A movement caught his eye in the cracked stone and splinters of what might once have been a watchtower. A piece of burning wood flew from it onto the bridge. Another followed and then another. They skittered across the glass and landed around the Taiytakei and their barrels of black powder. Tuuran sank down, grinning. Lightning flew back, raking the wreckage of the watchtower but didn’t seem to make any difference to the burning sticks flying out onto the bridge. When the lightning finally stopped, Tuuran risked a look. Taiytakei were running full pelt away. The barrels sat still and quiet. Pieces of wood burned around them.

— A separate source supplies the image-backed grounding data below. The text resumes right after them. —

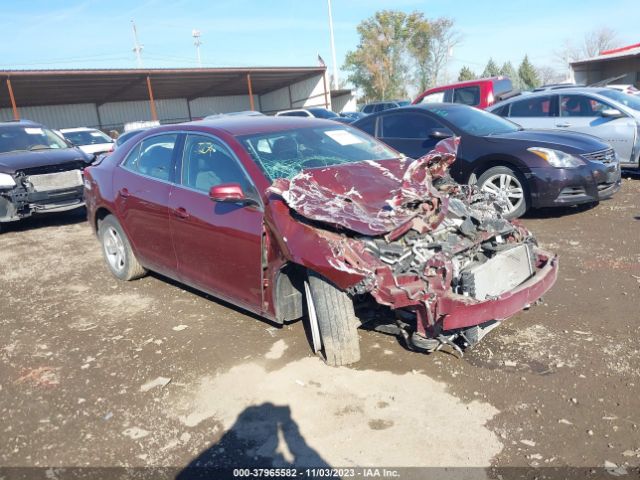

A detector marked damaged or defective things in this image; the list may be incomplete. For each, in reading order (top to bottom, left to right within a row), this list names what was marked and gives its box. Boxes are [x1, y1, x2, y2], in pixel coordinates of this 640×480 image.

shattered windshield [239, 124, 398, 181]
crumpled hood [268, 139, 458, 236]
detached bumper [528, 162, 624, 207]
red damaged sedan [84, 118, 556, 366]
crushed front end [268, 139, 556, 356]
detached bumper [438, 249, 556, 332]
broken plastic debris [139, 376, 171, 392]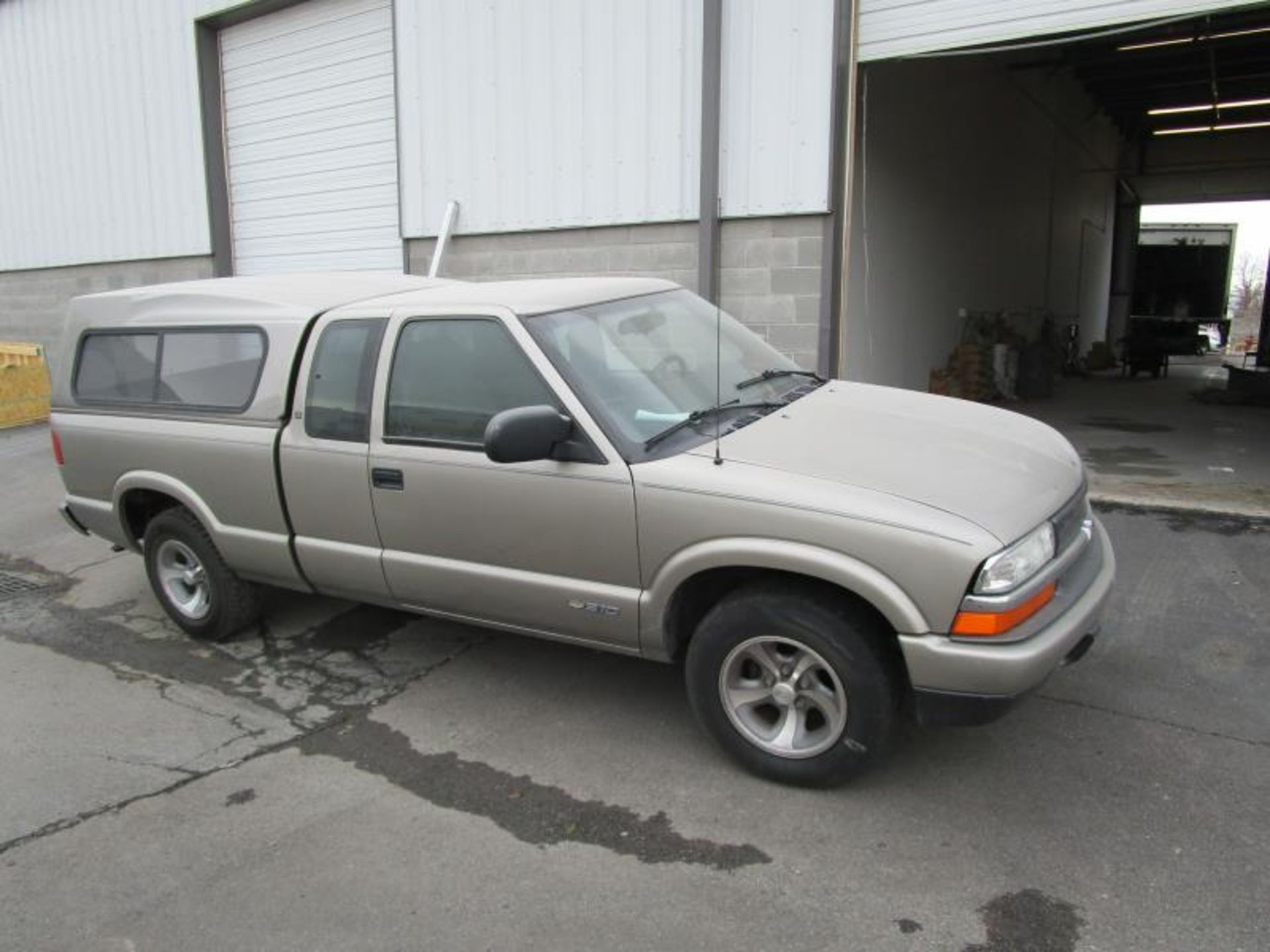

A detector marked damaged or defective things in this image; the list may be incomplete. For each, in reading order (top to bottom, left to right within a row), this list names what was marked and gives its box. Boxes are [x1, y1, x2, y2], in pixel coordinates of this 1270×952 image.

crack in pavement [1036, 695, 1265, 751]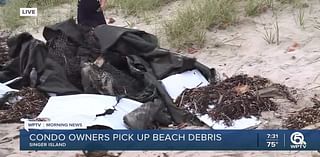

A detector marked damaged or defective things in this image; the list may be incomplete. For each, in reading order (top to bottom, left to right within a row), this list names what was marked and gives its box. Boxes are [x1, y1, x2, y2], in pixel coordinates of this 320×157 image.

black torn tarp [0, 19, 216, 125]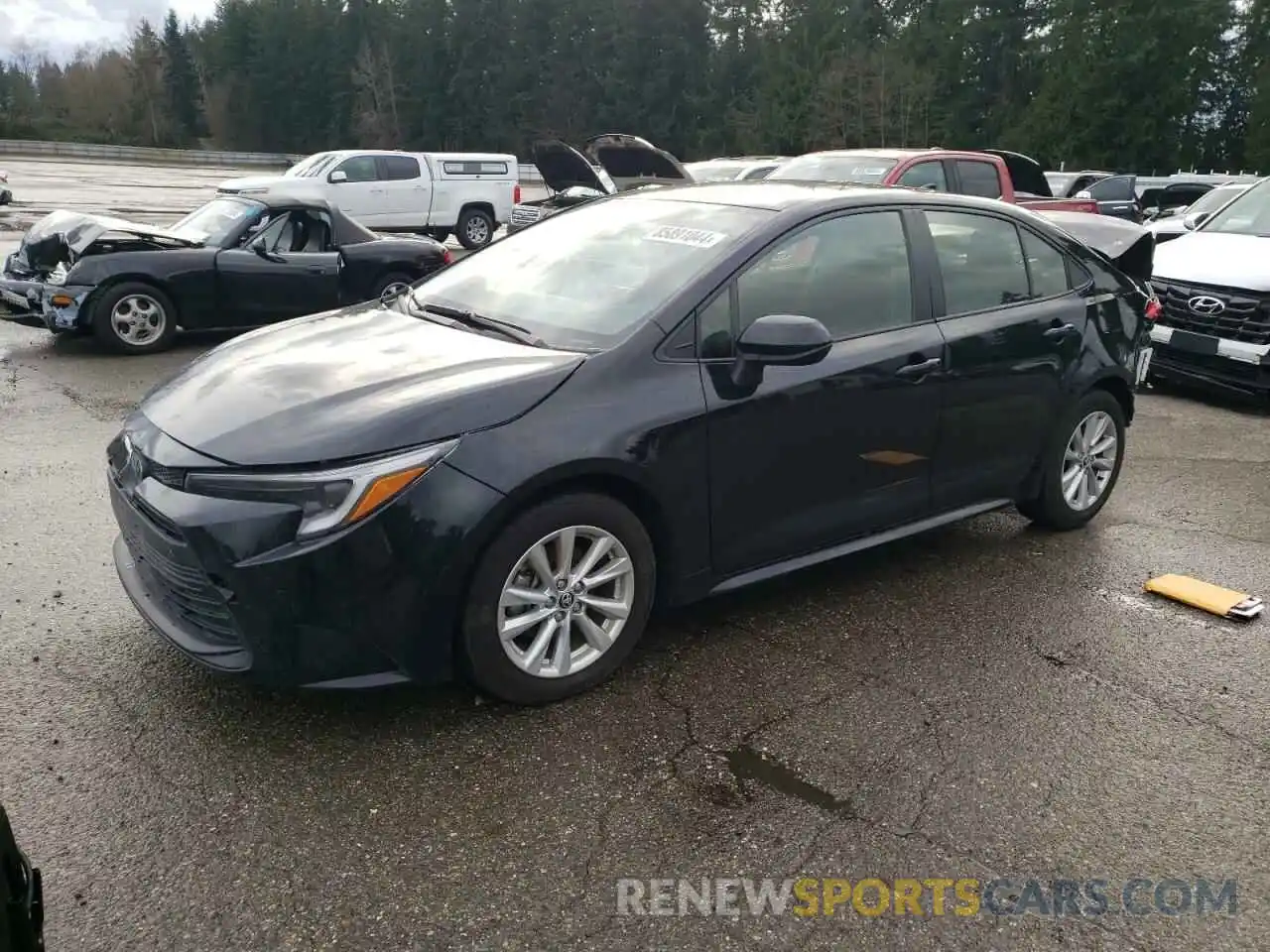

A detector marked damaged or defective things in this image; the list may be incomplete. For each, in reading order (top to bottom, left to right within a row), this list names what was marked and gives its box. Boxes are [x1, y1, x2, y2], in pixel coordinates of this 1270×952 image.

‘Hey!’ Tuuran threw a stone at the ruined tower. ‘Crazy? That you?’

Crazy Mad scuttled out from the rubble, hunched low in case the bridge exploded or some idiot started chucking lightning at him again. He hurdled Tuuran’s floating sled and dived into the dirt beside him. ‘And how far did you think you’d get without me, big man?’

‘As far as I bloody wanted.’ Tuuran smiled as he said it. Might have been true – probably was – but it felt right, the two of them side by side.

‘No ships to take me back to Aria here.’ Crazy shuffled closer, watching the bridge and peering at the Taiytakei on the far side. ‘No ships to take us anywhere at all, by the looks of it.’

‘Told you so.’

‘Smug piece of shit.’ Crazy crawled to the sled and poked at it. ‘What’s this then?’

‘Cargo sled. The night-skins use them to move stuff about when they can’t use slaves. Must have carried the powder up from the ships.’

Crazy poked at it some more. He seemed fascinated by the way it hovered over the ground and moved back and forth with even the lightest touch. ‘What happens if I push this off a cliff? It just keeps floating, does it?’

Tuuran shrugged. ‘Well I was hoping so. That or it plunges to the sea, tips everything off as it goes and then settles itself nice and happy a foot above the waves with everything else smashed to bits on the rocks below. Definitely one or the other. Maybe depends on how much you put on top of it.’ He shrugged. ‘How would I know? Do I look like a night-skin to you?’

Crazy gave him a dirty look. ‘Best I don’t answer that, big man. So, you planning on waiting here for them soldiers up at the palace to come and find they haven’t got a bridge any more and then for the two of us to fight a few hundred Taiytakei for the only way off this place? Or were you thinking more about slipping off somewhere quiet while they’re all still busy. Because I’m easy, either way.’ Crazy turned, tugging at the sled. After a moment Tuuran followed, walking back up the road out of range of the Taiytakei across the bridge. The barrels still hadn’t exploded.

‘You should have thrown more fire,’ Tuuran said.

Crazy Mad shrugged. ‘I threw enough.’ He chuckled. ‘You wait, big man. Just when you’re not ready . . . then boom.’ He snapped his fingers.

It was probably a coincidence that the bridge exploded a moment later, but with Crazy Mad these days you could never quite be sure.